> ASSIGNMENT:
A faithful copy is required: transcribe each line below exactly, minus the pictures.

> DATA EXCERPT:
----

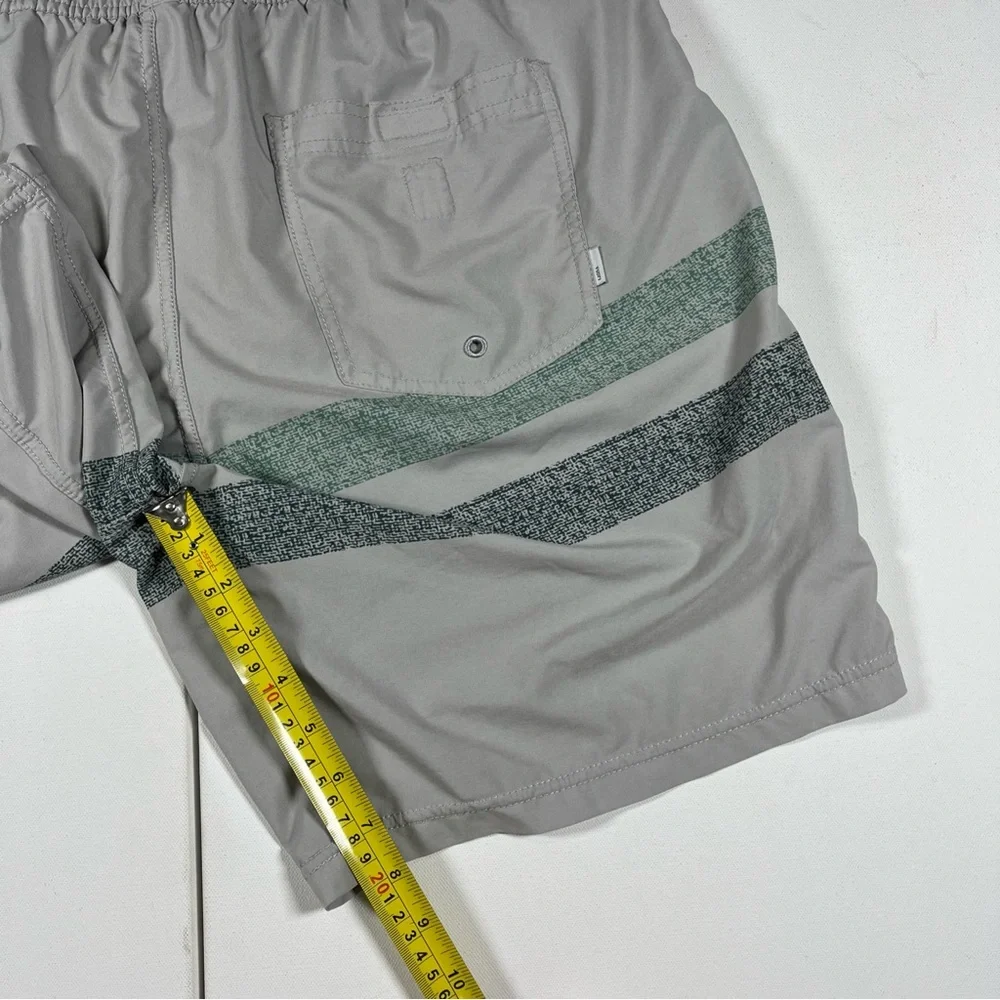 Vuori Kore Shorts Lined Drawstring Running Gym Stretch Gray Striped 8” Men’s XL - Picture 13 of 13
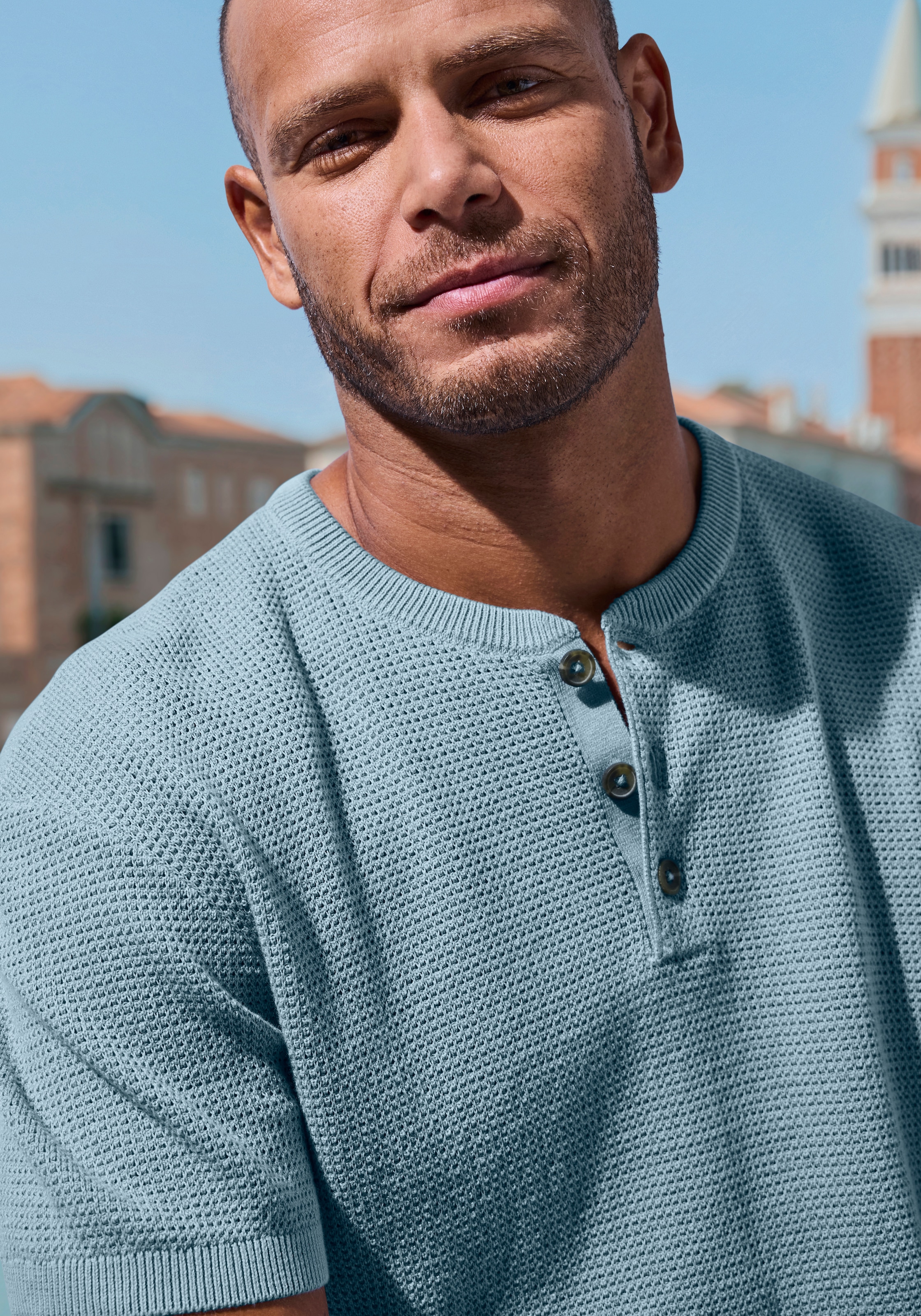 John Devin Kurzarmshirt »- Strickshirt« Rundhalsausschnitt mit kleiner Knopfleiste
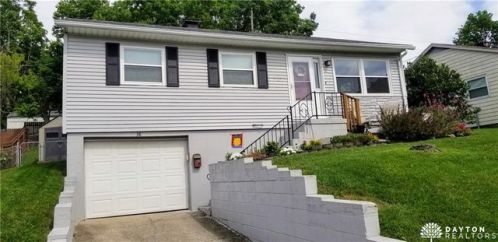 38 Stadia Dr, Franklin, OH 45005-1737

----

> EXERCISE ANSWER:
 Vuori Kore Shorts Lined Drawstring Running Gym Stretch Gray Striped 8” Men’s XL - Picture 13 of 13
 John Devin Kurzarmshirt »- Strickshirt« Rundhalsausschnitt mit kleiner Knopfleiste
 38 Stadia Dr, Franklin, OH 45005-1737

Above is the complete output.